> [DESCRIPTION OF THE TASK] Find the line containing "Load image into" in the records below. Copy exactly that line and each one after it, ending at the line containing "聊城市圣跃金属材料有限公司", and nothing more.

(Items from a data source)
*** Block opens ***

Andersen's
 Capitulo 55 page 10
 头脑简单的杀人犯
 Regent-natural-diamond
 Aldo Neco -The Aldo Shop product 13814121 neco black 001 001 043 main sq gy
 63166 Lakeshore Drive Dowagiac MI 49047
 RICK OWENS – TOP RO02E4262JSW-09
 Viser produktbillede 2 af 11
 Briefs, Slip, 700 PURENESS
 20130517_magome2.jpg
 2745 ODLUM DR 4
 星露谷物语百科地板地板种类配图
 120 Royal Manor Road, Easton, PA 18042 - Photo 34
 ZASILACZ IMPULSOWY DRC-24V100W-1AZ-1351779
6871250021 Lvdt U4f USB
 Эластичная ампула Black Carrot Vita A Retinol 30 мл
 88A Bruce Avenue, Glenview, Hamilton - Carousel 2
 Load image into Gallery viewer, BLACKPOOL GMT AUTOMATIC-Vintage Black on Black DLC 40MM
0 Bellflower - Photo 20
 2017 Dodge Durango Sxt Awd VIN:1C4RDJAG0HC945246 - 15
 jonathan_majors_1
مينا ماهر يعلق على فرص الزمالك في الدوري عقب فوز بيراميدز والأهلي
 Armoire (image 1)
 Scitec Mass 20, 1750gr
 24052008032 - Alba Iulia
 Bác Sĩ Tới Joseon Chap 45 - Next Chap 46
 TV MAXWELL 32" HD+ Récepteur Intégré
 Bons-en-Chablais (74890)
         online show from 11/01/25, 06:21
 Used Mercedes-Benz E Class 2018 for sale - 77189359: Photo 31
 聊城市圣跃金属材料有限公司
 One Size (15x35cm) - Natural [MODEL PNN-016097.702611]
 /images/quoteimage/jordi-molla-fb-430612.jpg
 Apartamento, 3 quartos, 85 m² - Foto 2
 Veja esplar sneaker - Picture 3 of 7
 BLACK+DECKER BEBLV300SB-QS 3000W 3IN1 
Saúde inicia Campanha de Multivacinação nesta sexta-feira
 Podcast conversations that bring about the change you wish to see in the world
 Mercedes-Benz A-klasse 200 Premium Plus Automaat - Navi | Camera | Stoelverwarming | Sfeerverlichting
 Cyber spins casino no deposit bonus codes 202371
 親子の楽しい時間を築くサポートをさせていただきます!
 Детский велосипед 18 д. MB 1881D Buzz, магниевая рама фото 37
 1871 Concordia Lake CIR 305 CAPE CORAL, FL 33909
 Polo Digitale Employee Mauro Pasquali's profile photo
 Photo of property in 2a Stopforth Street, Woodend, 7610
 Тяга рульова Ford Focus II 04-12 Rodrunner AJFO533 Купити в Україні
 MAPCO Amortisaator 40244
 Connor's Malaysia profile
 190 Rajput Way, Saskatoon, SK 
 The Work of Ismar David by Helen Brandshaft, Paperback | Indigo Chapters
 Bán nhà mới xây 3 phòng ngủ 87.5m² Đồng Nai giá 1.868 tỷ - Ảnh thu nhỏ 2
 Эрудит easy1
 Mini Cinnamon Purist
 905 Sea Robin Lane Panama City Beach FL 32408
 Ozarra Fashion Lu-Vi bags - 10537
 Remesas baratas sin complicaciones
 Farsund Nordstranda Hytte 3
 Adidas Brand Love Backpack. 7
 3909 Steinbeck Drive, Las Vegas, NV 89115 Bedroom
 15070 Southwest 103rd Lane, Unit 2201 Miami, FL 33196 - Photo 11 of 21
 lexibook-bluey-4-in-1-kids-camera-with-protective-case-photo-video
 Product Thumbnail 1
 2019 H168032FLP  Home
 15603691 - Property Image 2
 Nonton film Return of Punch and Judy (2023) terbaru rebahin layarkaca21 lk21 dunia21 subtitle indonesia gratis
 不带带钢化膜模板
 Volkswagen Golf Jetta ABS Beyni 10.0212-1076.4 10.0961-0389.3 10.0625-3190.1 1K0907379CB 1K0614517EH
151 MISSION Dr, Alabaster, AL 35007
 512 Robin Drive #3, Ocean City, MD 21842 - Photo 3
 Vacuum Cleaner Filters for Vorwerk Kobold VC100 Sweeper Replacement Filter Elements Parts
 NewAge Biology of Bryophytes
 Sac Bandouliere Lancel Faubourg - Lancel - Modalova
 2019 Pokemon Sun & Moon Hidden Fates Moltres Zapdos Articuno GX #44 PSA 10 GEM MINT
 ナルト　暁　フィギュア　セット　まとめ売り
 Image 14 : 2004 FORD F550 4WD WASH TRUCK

*** Block closes ***

> [SOLVED EXERCISE]
 Load image into Gallery viewer, BLACKPOOL GMT AUTOMATIC-Vintage Black on Black DLC 40MM
0 Bellflower - Photo 20
 2017 Dodge Durango Sxt Awd VIN:1C4RDJAG0HC945246 - 15
 jonathan_majors_1
مينا ماهر يعلق على فرص الزمالك في الدوري عقب فوز بيراميدز والأهلي
 Armoire (image 1)
 Scitec Mass 20, 1750gr
 24052008032 - Alba Iulia
 Bác Sĩ Tới Joseon Chap 45 - Next Chap 46
 TV MAXWELL 32" HD+ Récepteur Intégré
 Bons-en-Chablais (74890)
         online show from 11/01/25, 06:21
 Used Mercedes-Benz E Class 2018 for sale - 77189359: Photo 31
 聊城市圣跃金属材料有限公司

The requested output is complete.